Margin trading is basically like taking out a loan from another user and using that capital to make a larger bet than would otherwise be possible. While margin trading can increase returns, it can also multiply losses.
Stop-loss orders can be used to minimize losses. When a trader holds a certain asset, he or she can place a stop-loss order at a certain price lower than current market prices.
When the price sinks to the level set in the stop order, it will execute, liquidating the position. Using this kind of order is a way to ensure mitigate risk and ensure that if the market takes an abrupt downturn, a trader won’t suffer catastrophic losses.
A buy-limit order serves the inverse function of a stop-loss order. Rather than cutting losses when prices drift lower, limit orders allow traders to take a pre-determined amount of profits when prices move higher.
This lets traders lock in gains without having to keep a constant eye on the markets and try to execute a market order before things change again. Having the ability to place these kinds of orders is quite helpful in a market with notoriously high volatility like the cryptocurrency market. That’s one big reason experienced traders prefer GDax as opposed to Coinbase.
GDax vs Coinbase Trading Fees
One big advantage of GDax vs Coinbase involves GDax’s trading fees.
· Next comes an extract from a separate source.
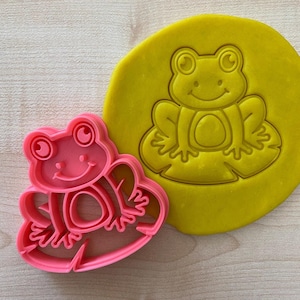 Peut inclure: Emporte-pièce en plastique rose en forme de grenouille assise sur un nénuphar. L'emporte-pièce est présenté à côté d'une empreinte jaune de l'emporte-pièce dans de la pâte à modeler.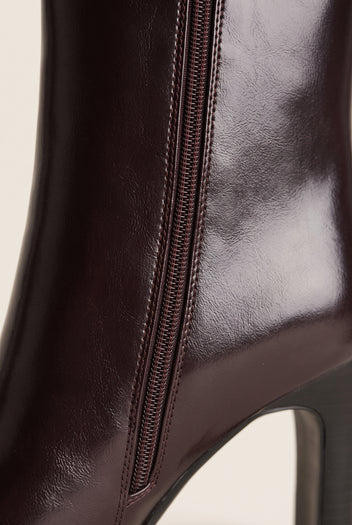 Close-up of brown leather ankle boot side zipper with glossy finish along the upper and heel edge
Exchanges make their money by charging a small fee for every transaction, whether it be a sell or buy.
Some exchanges also require a fee for deposits or withdrawals, but not Coinbase or GDax. So, as far as fees are concerned, GDax wins out in the GDax vs Coinbase debate. GDax is able to charge lower fees than Coinbase because of higher trading volumes. People who trade currencies in the near-term tend to make more transactions, leading to higher profits for the exchange. So, while a fee for a buy or sell on Coinbase might be as high as 1.5%, the fee for a similar transaction on GDax might be as low as 0.25%.
GDax vs Coinbase and the Evolving Cryptocurrency Market
All things considered, GDax and Coinbase are very different exchanges. It’s tough to say which is better overall. Experienced traders will enjoy GDax because of the additional trading tools, technical indicators and charting features, and lower fees. Beginner users will find GDax confusing, though.
Coinbase offers a much more intuitive platform. And while the fees are higher on Coinbase, it won’t make a huge difference to the average person who might only make a few purchases a month at most. Unless you’re dealing with very large sums of money, the extra fees won’t add up into much more than a couple of bucks here and there.
When looking at the comparison of GDax vs coinbase, you have to consider your wants and needs:
- Do you find yourself wanting to profit from short-term volatility in the markets?
- Are you experienced with financial trading platforms and their standard user-interfaces?
- What about charts, technical indicators like moving averages, Bollinger Bands, and Fibonacci retracements?
- Do you know how to use advanced trading features like stop-loss and buy-limit orders?
If the answer to questions like these is yes, then GDax might be for you. If you answered no to all of the above, however, you definitely want to go with Coinbase. Coinbase provides the easiest way to acquire the six different cryptocurrencies currently offered (seven if you include USDC). The GDax vs Coinbase debate is an easy choice depending on your needs and experience.